● **YOUR GOAL**:
Return only the lines from the one containing "Pair of handforged metal and brass andirons" to the end of the entries below, exactly as written, both ends included.

Collection entries
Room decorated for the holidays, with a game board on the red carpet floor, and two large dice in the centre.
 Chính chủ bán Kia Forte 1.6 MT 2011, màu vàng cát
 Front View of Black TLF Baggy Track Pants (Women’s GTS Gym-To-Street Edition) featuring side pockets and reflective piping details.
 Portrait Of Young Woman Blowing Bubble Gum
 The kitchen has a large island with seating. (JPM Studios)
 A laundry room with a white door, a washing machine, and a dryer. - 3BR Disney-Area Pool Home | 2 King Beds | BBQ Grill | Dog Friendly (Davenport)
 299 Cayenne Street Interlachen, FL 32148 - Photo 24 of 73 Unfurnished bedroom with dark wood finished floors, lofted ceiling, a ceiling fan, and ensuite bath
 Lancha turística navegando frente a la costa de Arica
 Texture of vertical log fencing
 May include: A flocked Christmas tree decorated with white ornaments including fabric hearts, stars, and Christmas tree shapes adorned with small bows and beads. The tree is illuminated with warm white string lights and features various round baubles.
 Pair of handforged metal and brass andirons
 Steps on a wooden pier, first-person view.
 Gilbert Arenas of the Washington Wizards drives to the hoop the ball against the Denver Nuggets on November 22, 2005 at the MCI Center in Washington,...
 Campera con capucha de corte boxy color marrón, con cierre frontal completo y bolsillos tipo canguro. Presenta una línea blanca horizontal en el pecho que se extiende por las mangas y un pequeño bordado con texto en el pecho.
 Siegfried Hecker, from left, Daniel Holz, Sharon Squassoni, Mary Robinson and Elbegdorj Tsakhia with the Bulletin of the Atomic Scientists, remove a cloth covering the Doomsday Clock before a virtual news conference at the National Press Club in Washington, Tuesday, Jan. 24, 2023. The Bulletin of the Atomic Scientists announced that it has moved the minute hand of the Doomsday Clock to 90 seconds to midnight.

● **RESPONSE AREA**:
 Pair of handforged metal and brass andirons
 Steps on a wooden pier, first-person view.
 Gilbert Arenas of the Washington Wizards drives to the hoop the ball against the Denver Nuggets on November 22, 2005 at the MCI Center in Washington,...
 Campera con capucha de corte boxy color marrón, con cierre frontal completo y bolsillos tipo canguro. Presenta una línea blanca horizontal en el pecho que se extiende por las mangas y un pequeño bordado con texto en el pecho.
 Siegfried Hecker, from left, Daniel Holz, Sharon Squassoni, Mary Robinson and Elbegdorj Tsakhia with the Bulletin of the Atomic Scientists, remove a cloth covering the Doomsday Clock before a virtual news conference at the National Press Club in Washington, Tuesday, Jan. 24, 2023. The Bulletin of the Atomic Scientists announced that it has moved the minute hand of the Doomsday Clock to 90 seconds to midnight.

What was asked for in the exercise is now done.